Com a IA, os criadores agora podem utilizar as vozes dos artistas, por exemplo, em suas próprias criações, e as empresas de IA estão usando dados criativos para treinar seus sistemas. Portanto, um sistema de gerenciamento de conteúdo robusto e um mecanismo de royalties precisam ser prioridades.

A gerência de Grimes disse que também está usando outra tecnologia emergente, contratos inteligentes, para fazer isso acontecer e gerenciar informações de metadados sobre "quem fez o quê, quando e o que lhes é devido".

O Slip.stream, como plataforma que abriga as faixas disponíveis do Grimes AI, ecoou o sentimento, dizendo:

Cabe a artistas, executivos e empresas com visão de futuro idealizar e experimentar suas aplicações para proteger melhor seus clientes e capturar qualquer vantagem. É preciso coragem para ziguezaguear quando os outros ziguezagueiam.

Quando os artistas e a gestão não conseguem ficar por dentro dos últimos acontecimentos, pode ser tarde demais para agir.

Ações judiciais contra empresas de IA têm surgido ao longo do ano, seja a Author’s Guild iniciando uma ação coletiva contra a OpenAI ou a Universal Music Group (UMG) processando a Anthropic AI por violação de direitos autorais criativos.

Dando o exemplo, Grimes está mostrando à indústria o que é possível quando os artistas possuem seus dados e controlam os direitos sobre eles.

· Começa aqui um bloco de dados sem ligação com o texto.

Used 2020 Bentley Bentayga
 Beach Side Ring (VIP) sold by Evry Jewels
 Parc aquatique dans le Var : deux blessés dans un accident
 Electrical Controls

“Ter seus masters e publicar só é bom se você souber o que fazer com eles”, disse Daouda. “Não sei se existe um artista perfeito para fazer tal coisa. Grimes sentiu que era importante experimentar e ver o que era possível.”

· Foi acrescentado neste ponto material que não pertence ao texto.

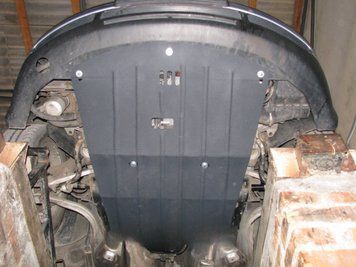 Захист двигуна Volkswagen Passat B5 1996-2005 ЗВП.7 ЗВП.7 фото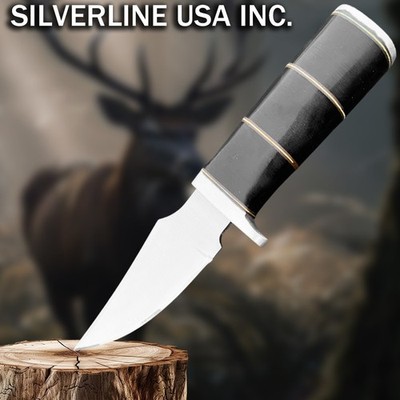 Stainless  Steel Skinner, camping, hunting,outdoor Hand made, SS 015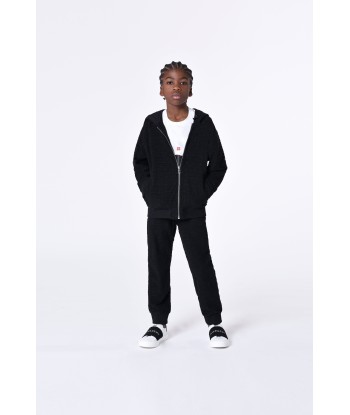 Givenchy Boys 4G Logo Tracksuit in Black Comparez plus de prix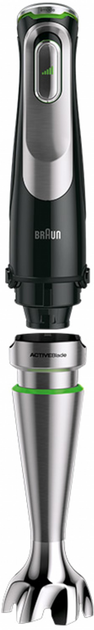 Блендер Braun MultiQuick 9 MQ9147X - зображення 2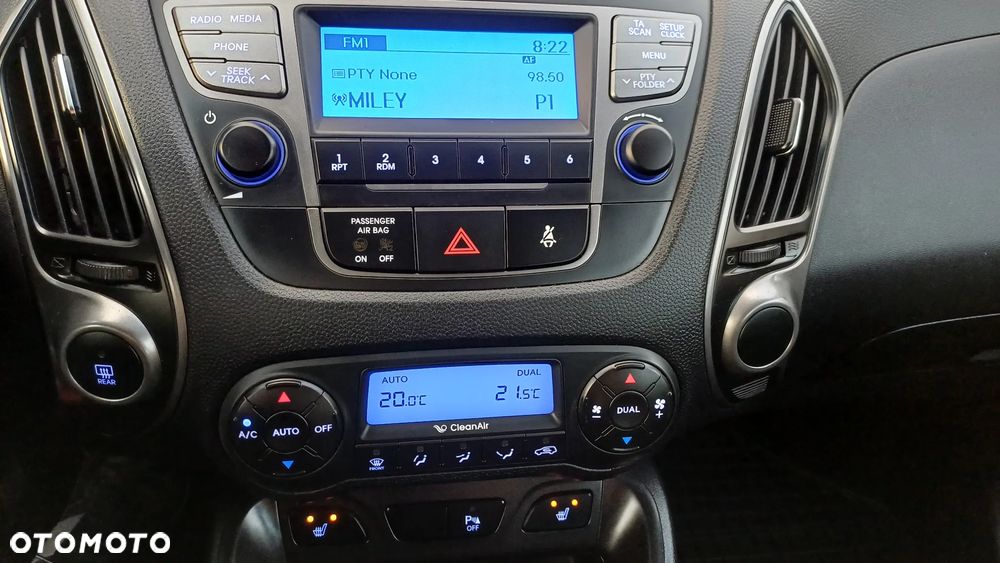 Hyundai ix35 1.6 2WD Fifa World Cup Edition - 12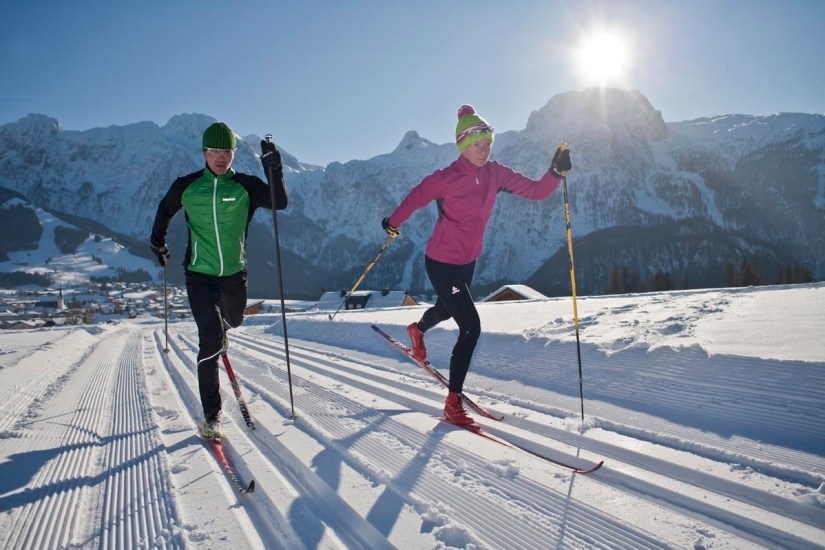 Cross Country Skiing Amp Ski Touring Alpenapartments
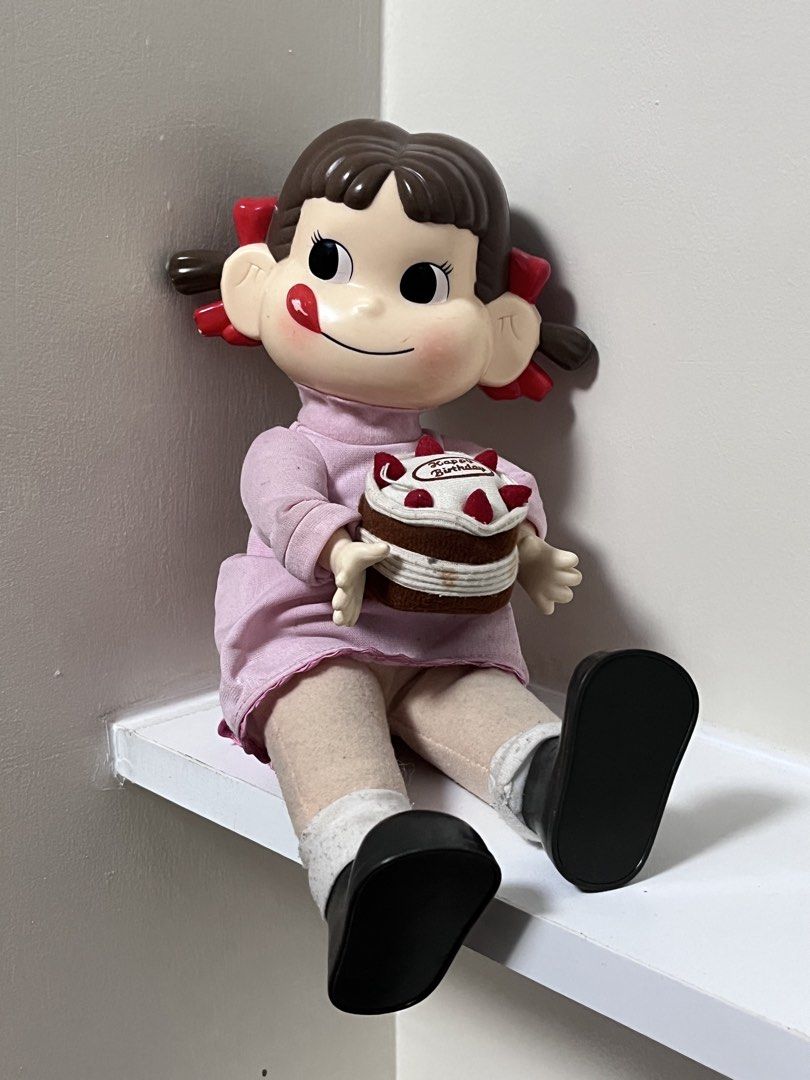 Peko Chan Happy Birthday (Category: Action & Battle Toys) located in Imus. Submitted by gabworld (Listing ID 1470109027, Image 1). Description: .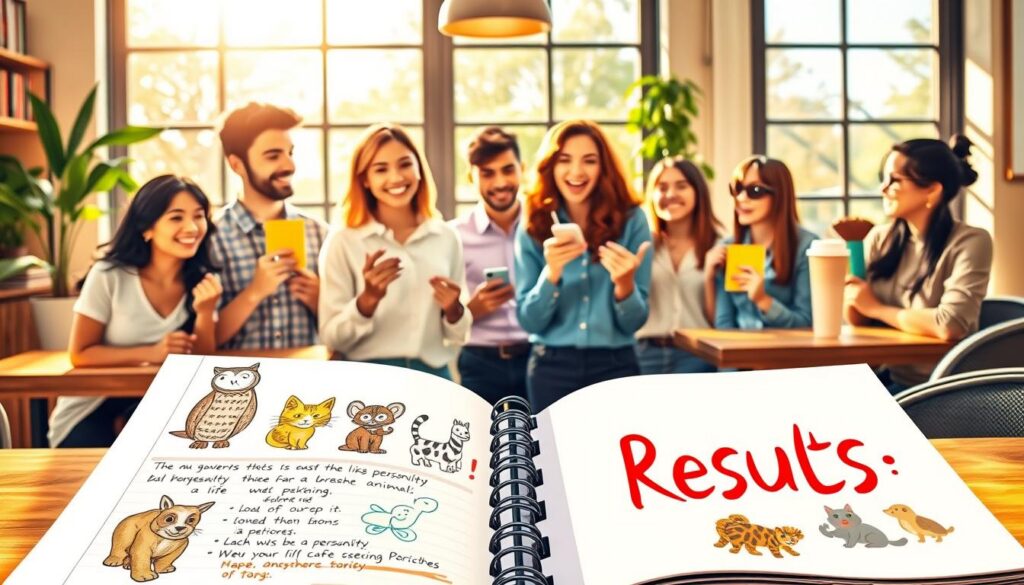 dicas resultado teste animal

“Acho que todo artista que está aberto a correr riscos e curioso sobre como a tecnologia pode ser benéfica para sua carreira é perfeito para fazer isso, então tenho certeza de que há muitos deles.”

Muitos especialistas da indústria que compreenderam as possibilidades que a IA pode trazer aos artistas estão tentando encontrar maneiras proativas de colher os benefícios sem perder a soberania e têm promovido a tecnologia como uma espécie de "amplificador criativo".

Slip.stream disse que quando os artistas são proativos com seus direitos e conteúdo, isso mostra que “a IA não visa substituir humanos por robôs, mas estabelecer novas normas e estruturas para colaboração artística que não estavam disponíveis para as massas antes do CreateSafe e do Grimes”.

“Dar a qualquer pessoa no mundo a oportunidade de colaborar com seu artista favorito abre possibilidades inovadoras para a produção criativa e o envolvimento dos fãs.”

A própria Grimes postou um sentimento semelhante no X (antigo Twitter) alguns dias após o anúncio de sua colaboração com o Slip.stream:

Basicamente, agora é o momento de fazer a transição de competitivo para colaborativo

— GrimesAI (@GRIMES_V1) 27 de outubro de 2023

Daouda finalizou dizendo que acredita que o que está acontecendo com a IA é ainda maior do que amostras e colaborações.

“A IA generativa ou criatividade computacional permite que as pessoas passem da ideia à distribuição em minutos, talvez até segundos”, disse ele, acrescentando:

Se isso é bom ou ruim é subjetivo, mas o objetivo é que agora muitas pessoas podem fazer isso, e isso abre modos de expressão que, em última análise, podem levar a um certo tipo de cura da qual muitas pessoas podem participar. A música cura, e quando podemos participar dela, isso é poderoso.